Well, I didn't think I'd be posting in this section anytime soon, but I guess this just goes to show that things don't always go as planned.

I posted a topic a while back in the general area of the forum about a ratlet that was WAY too young to leave his mother. I got him at an estimated 3 weeks old max. He was the sweetest little thing, full of kisses and energy, it was amazing just watching him grow day after day, he was quite something.

TT passed away Monday morning due to unknown causes, he leaves behind his mommy (me), his daddy, and 7 siblings whom never had the oppurtunity to meet him (Lulu, Piggle, Monkey, Spazz, Bizou, OP, Hot Shot) RIP TT Monster


----------



## Forensic (Apr 12, 2007)

I'm so sorry.


----------



## Mana (Apr 22, 2007)

Oh no!  I'm so sorry.
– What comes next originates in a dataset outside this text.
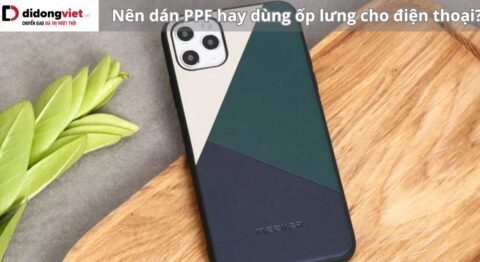 Dán PPF bị bọt khí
At least you know his life was filled with love and attention, and he didn't have to die alone and uncared for in a pet store.. or in the belly of a snake


----------



## renay (May 30, 2007)

thank god for that, i can't imagine my little baby in the belly of a snake, or dying in that god foresaken **** hole of a petstore, (yeah i feel very strongly against that pet store) I just wish I knew WHY he died :s or that he had even given me some sign of illness so i could have gotten him to veterinary care that he deserved


----------



## AustinXAPMX3 (Oct 23, 2007)

Im sorry


----------